Note 10 – Related party transactions:
 
On February 8, 2012, the Company paid dividends on its Series C Preferred Stock in Common Stock of the Company.  Of this dividend, $105,000, equating to 141,893 shares was paid to River Charitable Remainder Unitrust f/b/o Isaac Blech, which is controlled by Isaac Blech, Vice Chairman of the Company’s Board of Directors.

During the three months ended March 31, 2012, the Company engaged two board members to provide consulting services related to merger and acquisition and investment relations activity.  These board members each received 150,000 warrants for these services – see Note 7 above for further discussion.  In addition each board member was to be compensated $20,000.  On April 27, 2012, the Company paid $20,000 each to the two board members.


Item 2. Management’s Discussion and Analysis of Financial Condition and Results of Operations

Cautionary Statement:  This Form 10-Q contains certain statements relating to future results of the Company that are considered “forward-looking statements” within the meaning of the Private Securities Litigation Reform Act of 1995.  Actual results may differ materially from those expressed or implied as a result of certain risks and uncertainties, including, but not limited to, changes in political and economic conditions; interest rate fluctuation; competitive pricing pressures within the Company’s market; equity and fixed income market fluctuation; technological change; changes in law; changes in fiscal, monetary regulatory and tax policies; monetary fluctuations as well as other risks and uncertainties detailed elsewhere in the Form 10-Q or from time-to-time in the filings of the Company with the Securities and Exchange Commission.  Such forward-looking statements speak only as of the date on which such statements are made, and the Company undertakes no obligation to update any forward-looking statement to reflect events or circumstances after the date on which such statement is made or to reflect the occurrence of unanticipated events.
  
The following discussion should be read in conjunction with our financial statements and the related notes included in this Form 10-Q.
 
Operations
 
Premier’s Advisory, Consulting and Resourcing business consists of providing professional services (business and technology consulting focused services) to its clients.

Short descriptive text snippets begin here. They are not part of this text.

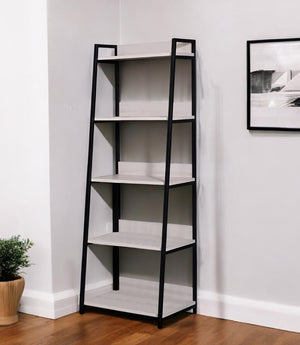 HomeRoots 67" Modern Five-Tier Ladder Bookcase with Natural Wood Shelves & Black Metal Frame for Stylish Storage 486298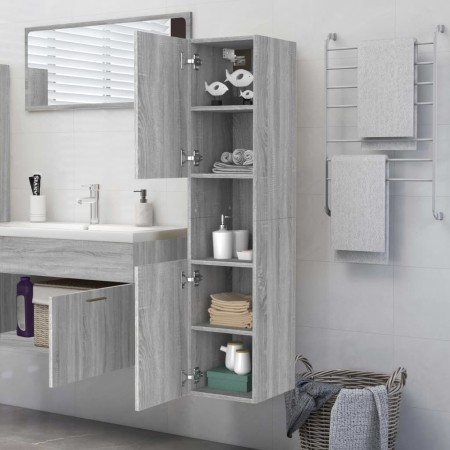 Armadietto Bagno Grigio Sonoma 30x30x130cm in Legno Multistrato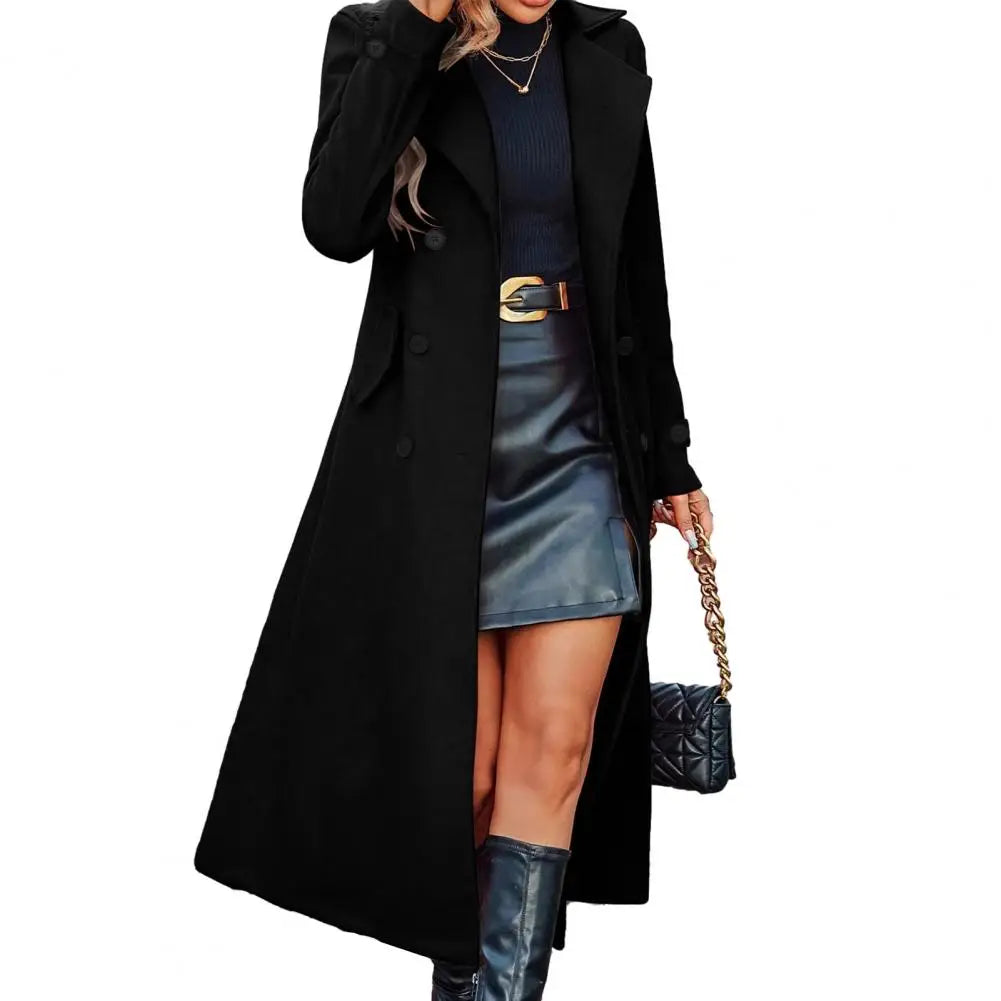 Winter Coat Women Coat Women's Long Wool Coat Double-breasted Peacoat Classic Notch Lapel Trench for Fall Winter Casual Overcoat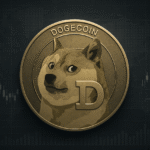 Dogecoin price chart with leverage trading warning overlay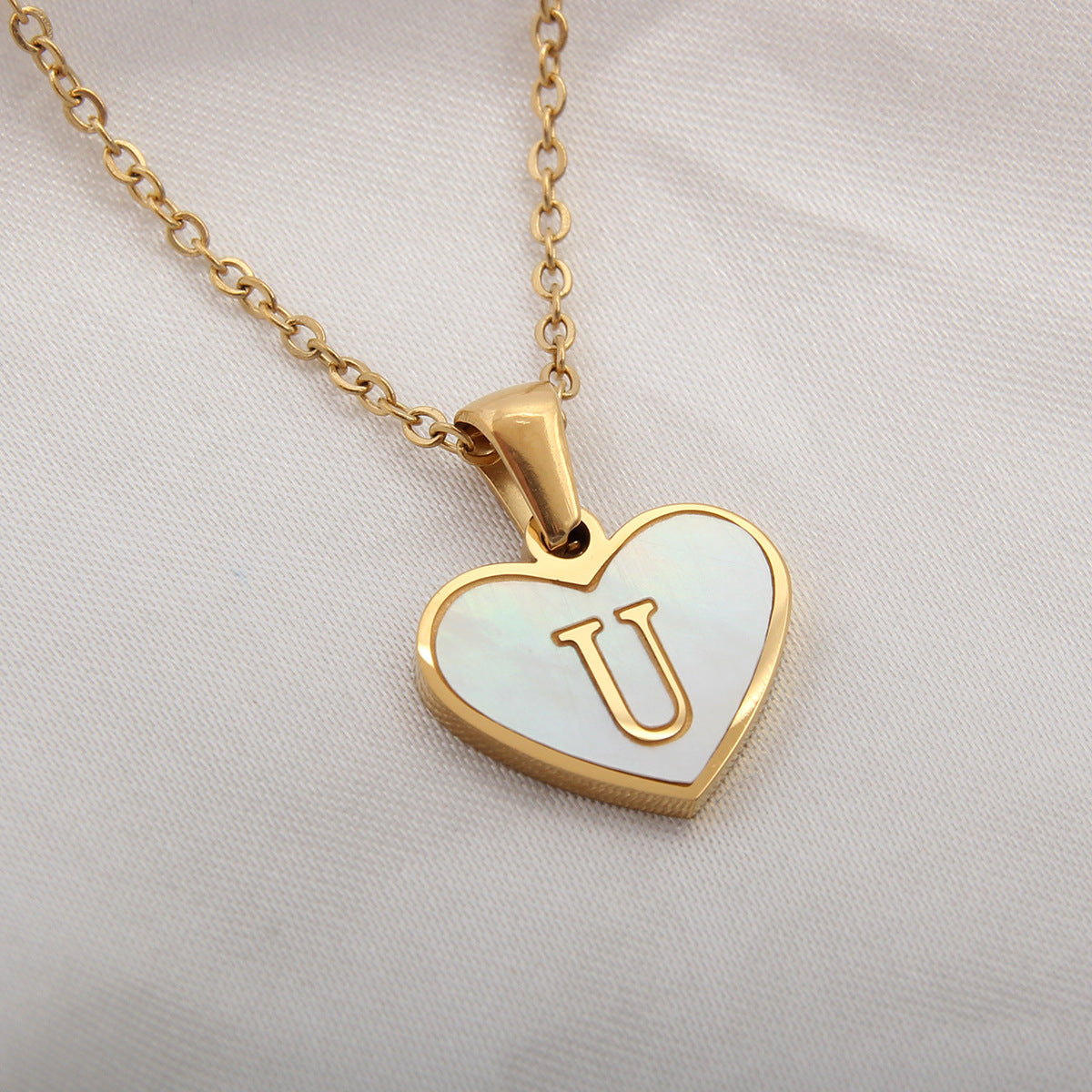 Gold Plated 26-Letter Heart Necklace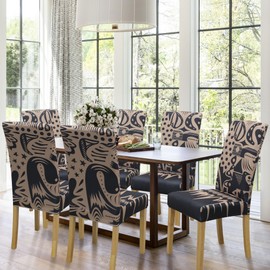 BIETYONE Dining Chair Covers,Dining Room Chair Covers Set of 4,Stretch Kitchen Chair Cover,Washable Dining Chair Cover,Parsons Chair Slipcovers Protective,for Home,Restaurant,Banquet(Pattern 4)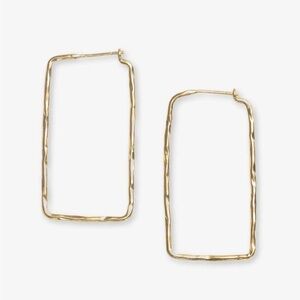 Ink + Alloy Athena Rectangle Bar Thin Hoop Earrings Brass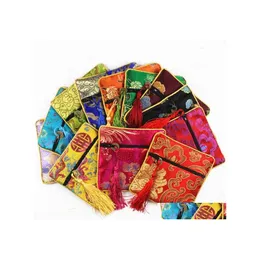 Torebki biżuterii torebki torebki prawdziwe jedwabne jedwabne jedwabne i satyny małe worki do opakowania Buddha koraliki Tassel Brocade 100pcs/działka dostawa pakiet Dhu8i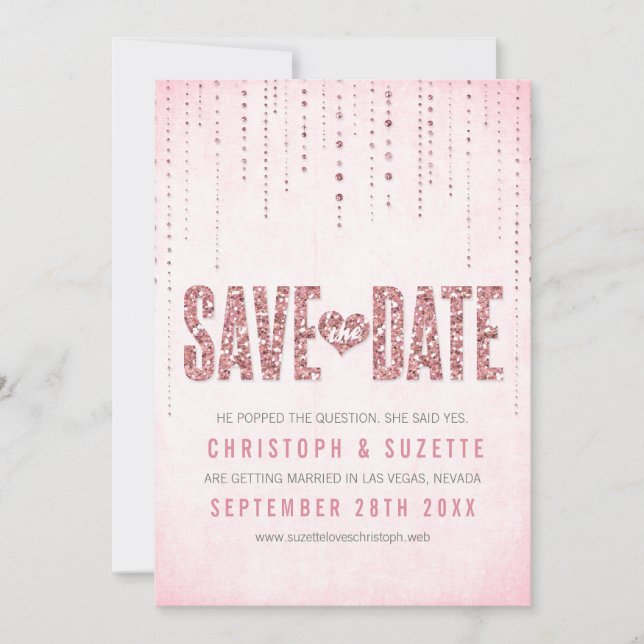 Pink Glitter Look Save The Date (Front)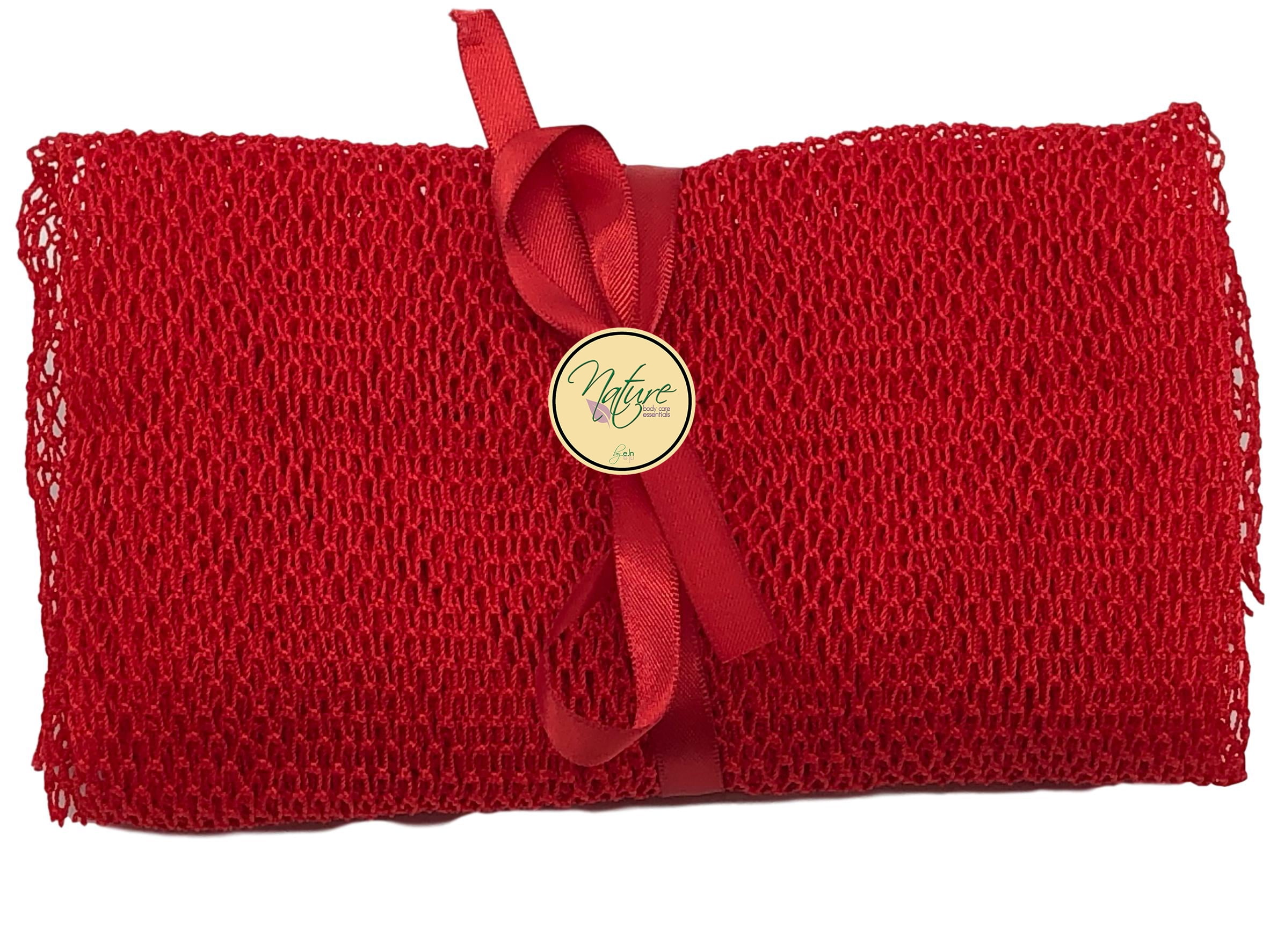Nature by EJN - African Net Bath Sponge, Customized N1 Weave, Long, Skin Exfoliation, African, Porous, Stretches  to Approximately 49' (Red)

Premier’s services began a transformation in 2005 from a pure technology focus to a business consulting focus that can encompass technology impact and effort. Premier now provides 360˚ Intelligence Delivery, a holistic approach and view to clients’ business initiatives or problems. Premier does this by providing Knowledge Based Expertise that helps its clients drive key initiatives forward. Much of its expertise is focused on core areas of business processes used throughout the corporate world including: project management, business analysis, business consulting, and strategic consulting. Typical initiatives in which Premier provides solutions include compliance and regulatory, merger and acquisition, and business process reengineering efforts.

A typical Premier client is an organization with complex business processes, large amounts of data to manage, and change driven by regulatory or market environments, or strategic, growth and profitability initiatives. Premier promotes its Professional services through its Advisory, Consulting and Resources delivery channels. 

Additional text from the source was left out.